- Born: Maria da Purificação Araújo 5 November 1926 Lisbon, Portugal
- Died: 22 July 2026 (aged 99) Lisbon, Portugal
- Occupations: Obstetrician and gynaecologist
- Known for: Known as the "mother of family planning" in Portugal

= Purificação Araújo =

Portuguese obstetrician and family planning pioneer (1926–2026)

Maria da Purificação Araújo (5 November 1926 – 22 July 2026) was a Portuguese obstetrician and gynaecologist who has been called the "Mother of Family Planning" in Portugal.

==Life and career==
Maria da Purificação Araújo was born in Lisbon, Portugal on 5 November 1926. She obtained a degree from the Faculty of Medicine of the University of Lisbon in 1950 and, after a number of internships, became a specialist in Obstetrics and Gynaecology in 1964, having taken a post-graduate course in those subjects at the University of London. She later took further courses in Maternal Health and Family Planning in London, Paris and the USA. Portugal at that time suffered from high incidences of maternal deaths and perinatal mortality, reflecting the lack of care available to pregnant women, foetuses and newborns. Only 65% of births were in hospital. Maternity clinics did not have operating rooms nor did they have obstetricians and neonatologists, which meant they were ill-equipped to deal with complications that could arise suddenly. Araújo campaigned for maternity facilities to be linked to hospitals.

In 1971 Araújo was made head of the Maternal Health Service of the Portuguese Directorate-General for Health. The Service was responsible for pregnancy and child health care, as well as the integration of Family Planning into the newly created national Health Centres. Her introduction of prenatal and postnatal care made a major contribution to reducing negative outcomes from pregnancy and childbirth. Arguing that family planning contributed to the promotion of the health of women and children by making it possible to avoid unwanted pregnancies and by spacing births, she promoted the contraceptive pill, together with the Portuguese Family Planning Association. This was very much against the opposition of the Catholic Church. She also campaigned in favour of abortion. Furthermore, Araújo played an important role in the introduction of the Pap test in Portugal. She was a visiting professor at the National School of Public Health (1973–1978). In 1973, she initiated Family Planning Training Courses for doctors and nurses, together with the Family Planning Association.

Asked how many births she had assisted she replied that she had lost count, but that it ran into "a few thousand". As an opponent of the authoritarian government of Portugal, known as the Estado Novo, she assisted many pregnant women who were in hiding from the government, risking her own arrest. After the Carnation Revolution of 25 April 1974, when the Estado Novo was overthrown, Araújo was able to carry out training courses on family planning both in Portugal and, between 1978 and 1992, for the United Nations Population Fund in Portuguese-speaking countries, together with Ana Vicente and others.

Araújo was a member of the National Commission for Maternal and Child Health, created by the Minister of Health in 1989, and a member of the National Committee of Baby-Friendly Hospitals.

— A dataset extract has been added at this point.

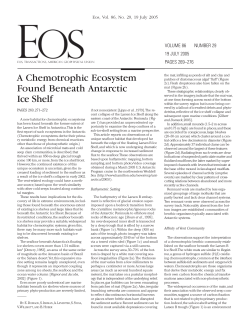 A Chemotrophic Ecosystem Found Beneath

In her private practice she promoted the ideas of painless childbirth first introduced into Portugal by Cesina Bermudes and Pedro Monjardino. In 1996 she was awarded the Distinguished Services Medal by the Ministry of Health and this was followed by a Gold Medal in 2008. On International Women's Day in 1998 she was made a Commander of the Order of Merit, a national award given to those making sacrifices of benefit to the community. Also in 2008, she received a Gold Medal from Lisbon City Council in recognition of her development of family planning services. In 2014 she was awarded a Medal of Merit from the Portuguese Medical Association.

Araújo died on 22 July 2026, at the age of 99.